Ma il panorama che si contempla dalle mura del bastione della roccaforte diventa sempre più cupo. Il giorno del risultato al primo turno “primario” Genova era paralizzata dai simultanei cortei degli 1765 operai Ilva, scesi a difendere lo stabilimento numero uno dell’acciaio in Italia, quello che occupava 15 mila operai negli anni Cinquanta e Sessanta, che ha chiuso la lavorazione a caldo nel 2005, risolvendo il rebus lavoro-salute e dei 2500 di Ansaldo Energia che Finmeccanica vuole vendere per sanare i suoi conti alla faccia dei risultati aziendali.

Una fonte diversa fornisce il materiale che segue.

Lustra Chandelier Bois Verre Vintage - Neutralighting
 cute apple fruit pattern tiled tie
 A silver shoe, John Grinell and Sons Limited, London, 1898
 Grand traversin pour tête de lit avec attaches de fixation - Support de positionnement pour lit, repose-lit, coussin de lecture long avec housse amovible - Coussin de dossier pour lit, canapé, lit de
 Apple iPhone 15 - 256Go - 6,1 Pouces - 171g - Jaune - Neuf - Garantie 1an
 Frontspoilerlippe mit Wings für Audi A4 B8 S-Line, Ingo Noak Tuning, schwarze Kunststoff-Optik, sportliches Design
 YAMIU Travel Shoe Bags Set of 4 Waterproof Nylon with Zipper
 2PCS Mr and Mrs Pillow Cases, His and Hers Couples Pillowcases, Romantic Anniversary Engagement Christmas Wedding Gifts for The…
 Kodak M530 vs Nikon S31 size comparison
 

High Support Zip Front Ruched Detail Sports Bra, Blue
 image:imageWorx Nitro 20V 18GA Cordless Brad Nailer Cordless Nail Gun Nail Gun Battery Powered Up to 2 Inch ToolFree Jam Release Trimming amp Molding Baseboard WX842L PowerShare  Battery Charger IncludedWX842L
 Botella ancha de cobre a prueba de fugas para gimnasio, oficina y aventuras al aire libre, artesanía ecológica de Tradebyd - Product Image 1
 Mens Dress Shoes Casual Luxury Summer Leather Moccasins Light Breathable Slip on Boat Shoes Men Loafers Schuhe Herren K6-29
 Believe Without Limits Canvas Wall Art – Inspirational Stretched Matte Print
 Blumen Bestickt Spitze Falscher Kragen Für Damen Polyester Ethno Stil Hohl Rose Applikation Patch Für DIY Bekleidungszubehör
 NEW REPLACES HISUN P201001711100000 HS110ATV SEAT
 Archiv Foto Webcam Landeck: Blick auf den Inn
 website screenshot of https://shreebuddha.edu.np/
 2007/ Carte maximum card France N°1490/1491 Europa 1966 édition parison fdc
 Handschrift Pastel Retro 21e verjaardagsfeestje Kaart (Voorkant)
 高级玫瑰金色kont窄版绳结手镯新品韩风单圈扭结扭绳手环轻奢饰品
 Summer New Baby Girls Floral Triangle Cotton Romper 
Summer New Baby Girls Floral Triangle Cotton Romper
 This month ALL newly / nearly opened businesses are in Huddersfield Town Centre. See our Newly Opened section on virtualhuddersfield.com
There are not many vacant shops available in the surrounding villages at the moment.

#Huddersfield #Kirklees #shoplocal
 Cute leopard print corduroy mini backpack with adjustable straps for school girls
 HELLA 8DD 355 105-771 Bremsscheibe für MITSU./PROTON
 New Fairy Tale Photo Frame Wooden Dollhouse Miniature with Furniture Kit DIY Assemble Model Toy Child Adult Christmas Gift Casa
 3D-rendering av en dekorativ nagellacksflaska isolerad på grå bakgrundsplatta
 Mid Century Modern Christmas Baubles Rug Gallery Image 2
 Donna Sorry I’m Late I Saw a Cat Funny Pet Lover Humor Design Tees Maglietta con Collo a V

Più in là Fincantieri, l’altra fabbrica originale della storia industriale genovese, aspetta che si determini il suo futuro, settanta anni dopo il varo della Rex e quaranta dopo quelli della Michelangelo e della Raffaello.
La città è aggrovigliata nell’intrigo delle infrastrutture che non decollano, la famosa tangenziale chiamata Gronda, in parte finanziata, che non parte e che il sindaco-marchese non vorrebbe e il Terzo Valico, la direttissima finanziaria con la Padania, che ha già due lotti finanziati, ma l’irremovibile opposizione dei no Tav e delle popolazioni che dovrebbero essere attraversate da questa linea di trentacinque chilometri nella pancia dell’Appennino.
I traffici del porto si stanno lentamente alzando, ma il presidente dell’Autorità portuale genovese ha già annunciato che se ci saranno nuove infrastrutture nel 2015 lo scalo sarà strangolato dai container. Il porto che venti anni fa era decimo nella classifica mondiale, oggi è al settantreesimo posto……Riuscirà la nomenklatura vincente con Bersani ad essere tanto forte da ottenere politiche più favorevoli all’industria, al porto, al futuro genovese. O la sua vittoria avrà il suono sinistro del rantolo che segue il vecchio Gemito, alleanza perduta nel Nord Ovest?